─── DATASET ENTRIES ───

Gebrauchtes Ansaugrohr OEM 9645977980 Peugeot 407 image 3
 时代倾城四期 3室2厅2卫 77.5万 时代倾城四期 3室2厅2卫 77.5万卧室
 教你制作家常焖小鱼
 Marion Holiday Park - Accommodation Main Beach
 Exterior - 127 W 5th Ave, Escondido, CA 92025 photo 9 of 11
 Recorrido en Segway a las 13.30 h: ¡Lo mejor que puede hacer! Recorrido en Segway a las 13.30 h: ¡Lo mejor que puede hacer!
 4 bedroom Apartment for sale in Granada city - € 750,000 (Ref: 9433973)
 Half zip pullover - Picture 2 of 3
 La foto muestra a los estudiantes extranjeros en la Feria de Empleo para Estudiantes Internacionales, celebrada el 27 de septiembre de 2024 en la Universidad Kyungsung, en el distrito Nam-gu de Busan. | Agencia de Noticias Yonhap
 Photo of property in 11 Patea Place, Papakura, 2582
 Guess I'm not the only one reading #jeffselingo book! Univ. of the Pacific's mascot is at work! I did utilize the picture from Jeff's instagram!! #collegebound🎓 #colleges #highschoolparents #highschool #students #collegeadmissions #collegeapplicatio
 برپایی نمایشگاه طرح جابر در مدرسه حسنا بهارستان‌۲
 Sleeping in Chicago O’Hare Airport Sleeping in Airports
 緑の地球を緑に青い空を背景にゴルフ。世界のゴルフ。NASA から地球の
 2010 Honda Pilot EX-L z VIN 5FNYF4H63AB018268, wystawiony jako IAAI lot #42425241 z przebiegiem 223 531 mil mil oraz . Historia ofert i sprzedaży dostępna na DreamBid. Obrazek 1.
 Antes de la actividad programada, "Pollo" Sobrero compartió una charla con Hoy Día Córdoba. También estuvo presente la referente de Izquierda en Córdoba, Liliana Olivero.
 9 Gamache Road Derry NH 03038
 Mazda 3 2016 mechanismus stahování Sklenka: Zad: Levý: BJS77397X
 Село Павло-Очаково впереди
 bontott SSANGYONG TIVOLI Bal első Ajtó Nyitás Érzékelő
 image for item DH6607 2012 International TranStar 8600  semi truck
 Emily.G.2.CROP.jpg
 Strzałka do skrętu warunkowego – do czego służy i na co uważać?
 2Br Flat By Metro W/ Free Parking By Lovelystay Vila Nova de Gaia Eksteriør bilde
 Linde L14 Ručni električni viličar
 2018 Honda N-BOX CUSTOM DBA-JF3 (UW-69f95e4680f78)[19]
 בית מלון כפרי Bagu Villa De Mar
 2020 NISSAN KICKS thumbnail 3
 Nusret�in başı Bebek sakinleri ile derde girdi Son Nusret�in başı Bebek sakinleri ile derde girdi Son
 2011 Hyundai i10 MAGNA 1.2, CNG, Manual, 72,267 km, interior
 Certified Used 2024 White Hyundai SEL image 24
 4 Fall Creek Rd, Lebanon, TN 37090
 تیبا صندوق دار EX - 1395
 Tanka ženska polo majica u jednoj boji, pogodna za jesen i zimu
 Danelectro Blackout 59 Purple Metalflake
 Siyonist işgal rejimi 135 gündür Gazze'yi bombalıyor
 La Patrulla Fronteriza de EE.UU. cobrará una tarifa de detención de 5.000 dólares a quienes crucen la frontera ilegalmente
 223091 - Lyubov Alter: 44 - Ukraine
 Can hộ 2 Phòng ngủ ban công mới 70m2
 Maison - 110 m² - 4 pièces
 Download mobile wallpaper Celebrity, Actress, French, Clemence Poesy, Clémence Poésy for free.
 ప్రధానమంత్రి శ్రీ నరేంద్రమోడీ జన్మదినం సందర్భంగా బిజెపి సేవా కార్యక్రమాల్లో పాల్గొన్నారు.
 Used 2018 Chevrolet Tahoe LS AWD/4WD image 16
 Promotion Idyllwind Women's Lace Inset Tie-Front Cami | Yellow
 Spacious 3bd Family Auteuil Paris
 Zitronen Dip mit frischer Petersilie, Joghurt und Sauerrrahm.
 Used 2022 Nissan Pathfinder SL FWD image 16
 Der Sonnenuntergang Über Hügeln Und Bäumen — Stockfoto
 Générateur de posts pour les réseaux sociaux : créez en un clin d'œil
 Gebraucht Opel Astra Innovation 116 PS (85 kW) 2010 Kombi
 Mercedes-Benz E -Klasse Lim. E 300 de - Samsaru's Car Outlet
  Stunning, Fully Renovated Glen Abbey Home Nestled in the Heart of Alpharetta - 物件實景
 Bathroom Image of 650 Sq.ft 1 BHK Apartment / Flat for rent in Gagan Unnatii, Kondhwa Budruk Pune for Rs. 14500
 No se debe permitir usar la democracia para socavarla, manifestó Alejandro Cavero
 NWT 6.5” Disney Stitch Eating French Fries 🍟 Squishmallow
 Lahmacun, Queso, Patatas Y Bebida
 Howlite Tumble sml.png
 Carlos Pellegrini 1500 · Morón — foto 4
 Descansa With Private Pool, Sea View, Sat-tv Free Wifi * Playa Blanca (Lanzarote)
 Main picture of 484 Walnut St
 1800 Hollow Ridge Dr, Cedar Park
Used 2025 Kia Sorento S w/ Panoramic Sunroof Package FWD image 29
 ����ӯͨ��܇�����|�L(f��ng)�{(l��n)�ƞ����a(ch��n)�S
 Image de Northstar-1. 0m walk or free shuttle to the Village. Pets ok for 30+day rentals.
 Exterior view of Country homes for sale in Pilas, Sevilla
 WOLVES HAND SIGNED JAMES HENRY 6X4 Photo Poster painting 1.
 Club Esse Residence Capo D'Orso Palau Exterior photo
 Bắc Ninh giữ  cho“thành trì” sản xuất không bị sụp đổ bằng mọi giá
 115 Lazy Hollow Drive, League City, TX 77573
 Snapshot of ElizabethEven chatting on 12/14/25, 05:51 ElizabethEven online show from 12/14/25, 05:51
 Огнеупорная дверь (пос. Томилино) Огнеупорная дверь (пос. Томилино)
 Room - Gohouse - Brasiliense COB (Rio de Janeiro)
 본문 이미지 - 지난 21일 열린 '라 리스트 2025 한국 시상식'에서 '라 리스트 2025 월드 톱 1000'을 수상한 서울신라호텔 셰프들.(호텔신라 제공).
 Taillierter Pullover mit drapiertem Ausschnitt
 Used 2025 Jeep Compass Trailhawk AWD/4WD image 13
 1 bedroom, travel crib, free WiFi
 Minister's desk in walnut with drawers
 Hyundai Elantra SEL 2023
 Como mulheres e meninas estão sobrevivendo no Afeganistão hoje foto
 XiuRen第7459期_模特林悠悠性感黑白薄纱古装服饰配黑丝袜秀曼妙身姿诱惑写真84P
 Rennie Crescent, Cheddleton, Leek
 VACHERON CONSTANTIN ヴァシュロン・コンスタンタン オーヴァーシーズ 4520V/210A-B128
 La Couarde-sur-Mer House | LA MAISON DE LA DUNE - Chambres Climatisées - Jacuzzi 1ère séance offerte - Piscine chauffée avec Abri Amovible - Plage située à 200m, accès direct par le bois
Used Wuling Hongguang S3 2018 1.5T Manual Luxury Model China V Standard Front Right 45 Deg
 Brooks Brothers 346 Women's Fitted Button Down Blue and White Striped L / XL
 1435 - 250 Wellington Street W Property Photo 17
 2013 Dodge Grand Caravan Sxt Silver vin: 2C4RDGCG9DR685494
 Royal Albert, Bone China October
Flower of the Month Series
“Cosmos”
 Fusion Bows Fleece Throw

───

- _TASK OBJECTIVE_:
Using the data above, count the lines that hold the string "sale". Report the number and nothing else.

- _SOLUTION FOR THIS PROBLEM_:
2